**** TASK DATA

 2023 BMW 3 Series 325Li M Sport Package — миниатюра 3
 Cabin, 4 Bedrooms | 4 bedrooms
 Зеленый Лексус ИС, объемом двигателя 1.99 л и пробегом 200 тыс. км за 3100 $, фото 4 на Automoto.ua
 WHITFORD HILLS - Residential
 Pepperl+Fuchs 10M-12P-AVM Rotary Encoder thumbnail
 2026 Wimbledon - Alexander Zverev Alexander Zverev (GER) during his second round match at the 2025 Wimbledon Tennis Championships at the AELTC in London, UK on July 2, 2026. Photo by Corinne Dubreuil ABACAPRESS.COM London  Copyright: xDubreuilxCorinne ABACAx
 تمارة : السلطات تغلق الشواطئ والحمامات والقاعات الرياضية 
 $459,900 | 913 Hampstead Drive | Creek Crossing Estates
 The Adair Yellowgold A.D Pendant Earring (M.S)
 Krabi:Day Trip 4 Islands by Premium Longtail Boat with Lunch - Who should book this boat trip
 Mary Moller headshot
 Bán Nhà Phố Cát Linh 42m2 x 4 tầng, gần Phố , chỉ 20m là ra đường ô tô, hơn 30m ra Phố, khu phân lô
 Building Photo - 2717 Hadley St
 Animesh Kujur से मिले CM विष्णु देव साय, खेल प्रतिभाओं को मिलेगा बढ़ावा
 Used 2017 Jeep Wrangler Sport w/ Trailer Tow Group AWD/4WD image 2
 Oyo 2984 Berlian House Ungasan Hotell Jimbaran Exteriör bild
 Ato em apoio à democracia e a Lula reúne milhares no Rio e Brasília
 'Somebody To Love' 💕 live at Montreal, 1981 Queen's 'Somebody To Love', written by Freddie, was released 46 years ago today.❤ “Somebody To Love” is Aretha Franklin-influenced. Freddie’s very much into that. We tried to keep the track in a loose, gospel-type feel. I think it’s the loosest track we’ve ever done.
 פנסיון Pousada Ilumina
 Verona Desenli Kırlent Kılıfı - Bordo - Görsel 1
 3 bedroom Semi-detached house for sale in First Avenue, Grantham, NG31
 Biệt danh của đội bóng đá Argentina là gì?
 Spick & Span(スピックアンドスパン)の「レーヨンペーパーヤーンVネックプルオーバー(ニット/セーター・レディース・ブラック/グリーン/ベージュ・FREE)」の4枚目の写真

********

AIM OF THE EXERCISE: Print, exactly and only, the lines running from the one with "פנסיון Pousada Ilumina" to the end of the data above.

TASK RESPONSE:
 פנסיון Pousada Ilumina
 Verona Desenli Kırlent Kılıfı - Bordo - Görsel 1
 3 bedroom Semi-detached house for sale in First Avenue, Grantham, NG31
 Biệt danh của đội bóng đá Argentina là gì?
 Spick & Span(スピックアンドスパン)の「レーヨンペーパーヤーンVネックプルオーバー(ニット/セーター・レディース・ブラック/グリーン/ベージュ・FREE)」の4枚目の写真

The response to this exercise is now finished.